### WHAT IS BEING ASKED
Every line from the line containing "Свитшот мужской ЧЕЛСИ" through the end of the data is to be reproduced exactly, excluding pictures.

-- MATERIAL TO PROCESS follows --

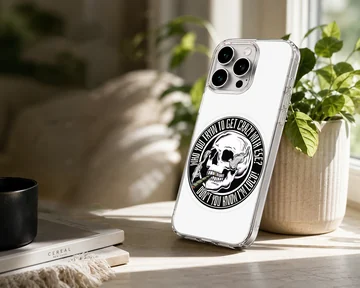 Cypress Hill phone case featuring a bold skull design and text — Lifestyle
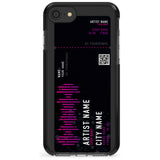 Personalised Concert Ticket Black Impact Phone Case for iPhone SE 8 7 Plus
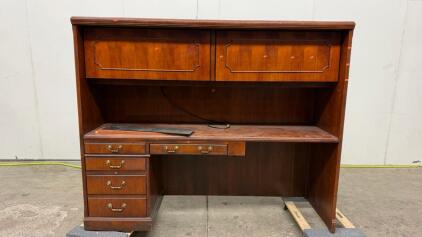 Wood Office Desk -77&rdquo;Lx24&rdquo;Wx63&rdquo;H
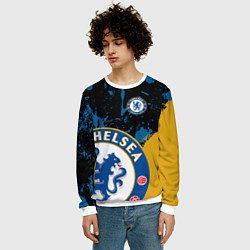 Свитшот мужской ЧЕЛСИ CHELSEA GOLDEN LOGO, цвет: 3D-белый — фото 2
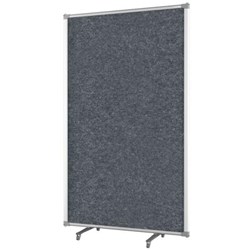 Boyd Visuals Freestanding Partition Screen With Acoustic Panel 900x1500mm Charcoal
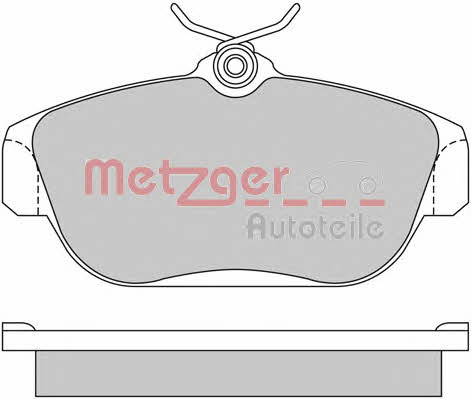 Metzger 1170018 Brake Pad Set, disc brake 1170018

-- MATERIAL TO PROCESS concluded --

### SOLUTION TO THE EXERCISE
 Свитшот мужской ЧЕЛСИ CHELSEA GOLDEN LOGO, цвет: 3D-белый — фото 2
 Boyd Visuals Freestanding Partition Screen With Acoustic Panel 900x1500mm Charcoal
 Metzger 1170018 Brake Pad Set, disc brake 1170018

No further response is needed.